One fact Williams has discovered is despite the added responsibility of having a child, her desire to play is as strong as ever.
“If anything I have more fire in my belly,” she said. “It's very difficult to describe. I thought after having a child I would be more relaxed, but I'm not. I work just as hard, if not harder actually. That's been really surprising for me.”
A number of fans at the US Open Sunday — working moms just like Williams — weighed in on the message the tennis superstar is sending the world over.
Ashley Segrave, who works full-time for a data processing company in Atlanta, has four kids under seven, with three playing tennis.
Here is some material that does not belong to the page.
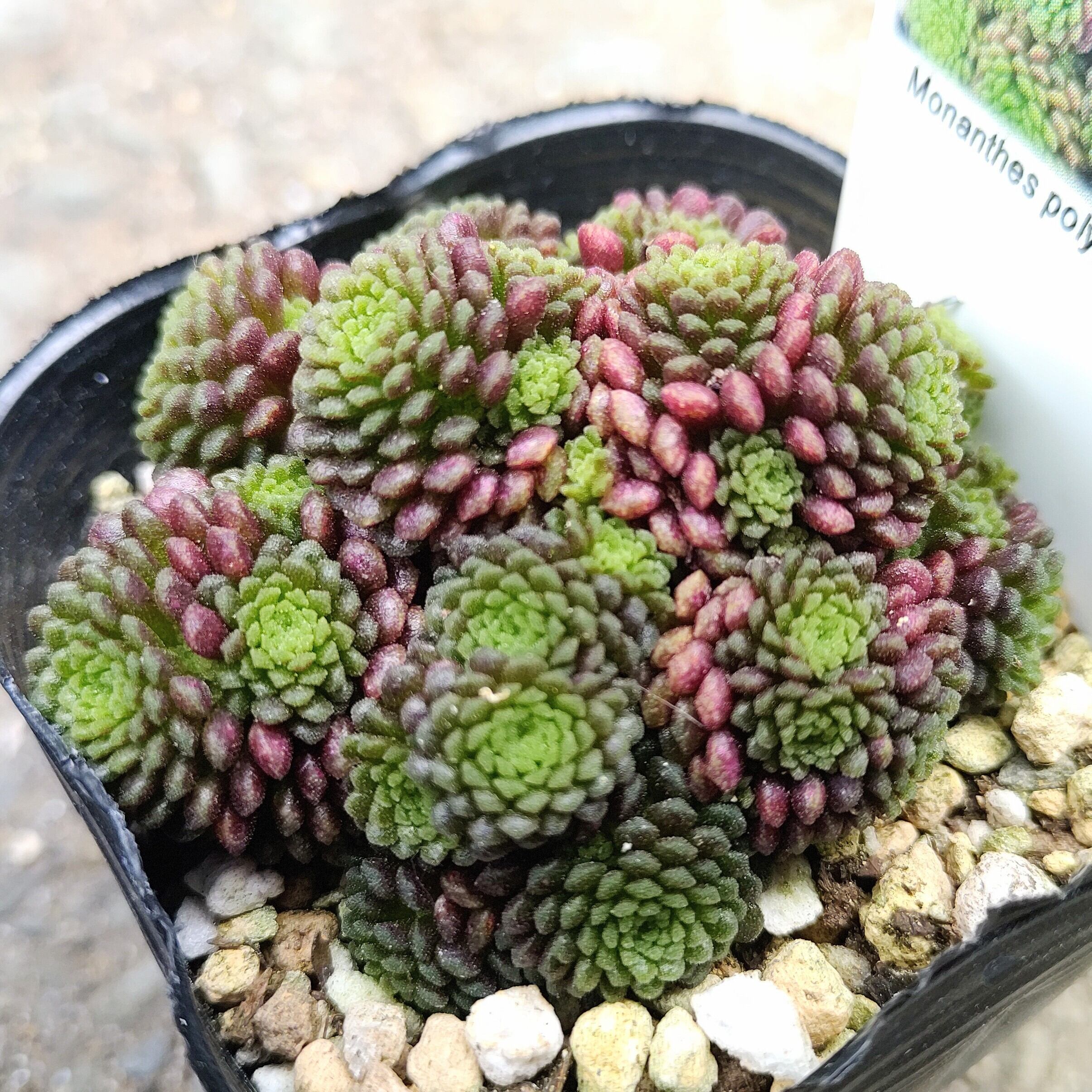 モナンテス ポリフィラ | RuPo 多肉植物専門店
“I think she’s representing women well because this is today,” said Segrave, on vacation in New York with the entire family in tow. “Women are doing this everywhere. I have four (kids) and I work as well. I think sometimes some people are giving her (Williams) a hard time about not coming back and winning right away, but they don’t realize what it does to your body. To come back at this high of a level so quickly is phenomenal.”
Barbara Lubin, a case worker for the City of New York, came to the Open with her nine-year-old son from their home in Brooklyn. She was a little less-oriented toward applauding Williams for doing what many moms normally do, whether out of necessity or desire.
“That’s her job,” Lubin said. “In an ordinary job somebody would do the same thing. I don’t think her sending a message makes a difference. Everybody says she’s a celebrity, but I think she’s a person before she’s a celebrity. People think because she’s a celebrity she’s different. You have to balance your everyday life with your home life no matter who you are.”
Cheryl Sams of Atlanta was making her second trip to the US Open with her 13-year-old daughter, Lauren, who plays junior tennis via the local park system. A computer programmer for a large retail chain and single mother, Sams' balances work with raising Lauren, who she adopted as a baby, and three foster children between 5-and-8-years-old.
“It’s an awesome message to never give up, pursue your goals,” Sams said. “When you know you’re the best, even after a temporary setback you can keep trying again, persevere and rise to the top again. From her past experience when she was the best, I think she still has that drive to keep proving that she’s the best.”
And it wasn’t just moms out there who believe Williams is worthy of being considered an ideal role model.
MaliVai Washington, the 1996 Wimbledon finalist who now works as a real estate developer and occasionally dabbles in broadcast analysis, would be happy if his 13-year-old daughter, Zeta, was inspired by Williams.
“My wife is a working mom and has never stopped working, and I think my wife is a great model for my daughter,” Washington said. “If there was someone outside of my family I would want my daughter to look at and say, ‘Hey I’d like to be like that,’ it would be Serena. What she’s been able to do over the course of her tennis career as a player, as a businesswoman, as a mother and as a wife, and to really be able to succeed at every level and somehow balance all that, I think is really impressive.”
Even Rafael Nadal, the men’s defending champion, offered a shout-out to Williams after his 6-3, 6-3, 6-7 (6), 6-4 fourth-round win over Nikoloz Basilashvili of Georgia.
“Is good to have somebody like her playing at this age, after being mother,” Nadal said. “I think well done for her, because that demonstrate the passion she have for the sport.”